Mean-Field Limits of Deterministic and Stochastic Flocking Models with Nonlinear Velocity Alignment
Vinh Nguyen, Roman Shvydkoy, Changhui Tan
TL;DR
This work analyzes mean-field limits for flocking models with nonlinear velocity alignment $A(\bv)=|\bv|^{p-2}{\bv}$ under fat-tailed communication. By deriving a Vlasov-type kinetic equation and establishing a Dobrushin-type stability bound, the authors prove rigorous mean-field limits and quantitative propagation of chaos in both deterministic and stochastic settings, including multiplicative noise that depends on local interaction strength. They obtain explicit rates that depend on the nonlinear exponent $p$ and tail parameter $\alpha$, with sub-exponential growth and logarithmic corrections in critical cases, and extend the classical Cucker–Smale theory to nonlinear alignment.

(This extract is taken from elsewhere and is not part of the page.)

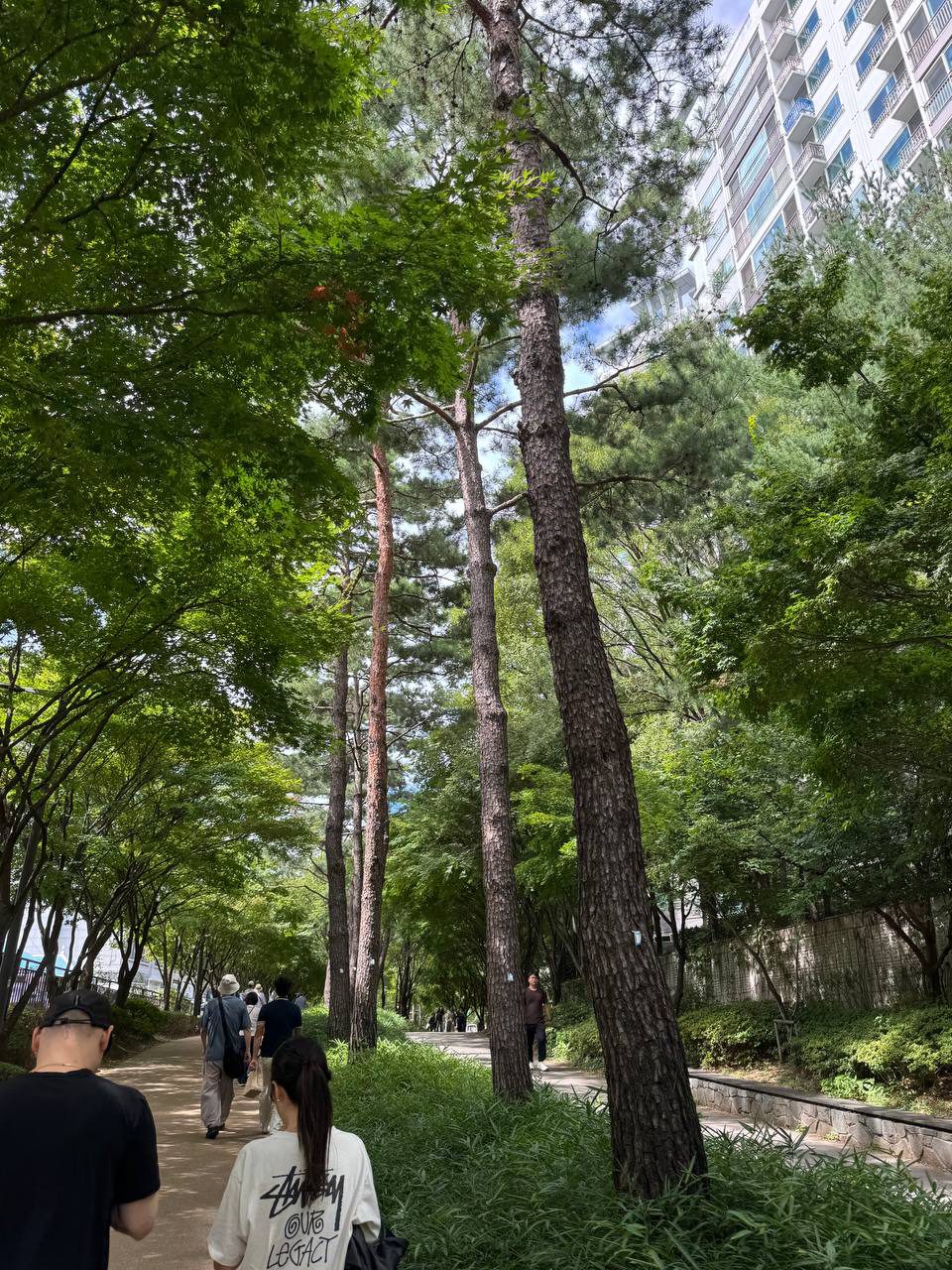경사진 산책로 옆으로 키 큰 적송들이 하늘까지 뻗어 있고 그 뒤로 아파트가 보이는 경의선숲길 소나무 구간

The results provide a unified, rate-driven framework for understanding how large-agent flocking systems converge to mean-field dynamics and how finite-size effects decay, with implications for modeling collective behavior in biology and engineered systems. The stochastic analysis further yields a Fokker-Planck-Alignment limit, showing robust convergence under strength-dependent noise and broadens the applicability to more realistic noisy environments.
Abstract
We study the mean-field limit for a class of agent-based models describing flocking with nonlinear velocity alignment. Each agent interacts through a communication protocol $φ$ and a non-linear coupling of velocities given by the power law $A(\bv) = |\bv|^{p-2}\bv$, $p > 2$. The mean-field limit is proved in two settings -- deterministic and stochastic. We then provide quantitative estimates on propagation of chaos for deterministic case in the case of the classical fat-tailed kernels, showing an improved convergence rate of the $k$-particle marginals to a solution of the corresponding Vlasov equation. The stochastic version is addressed with multiplicative noise depending on the local interaction intensity, which leads to the associated Fokker-Planck-Alignment equation. Our results extend the classical Cucker-Smale theory to the nonlinear framework which has received considerable attention in the literature recently.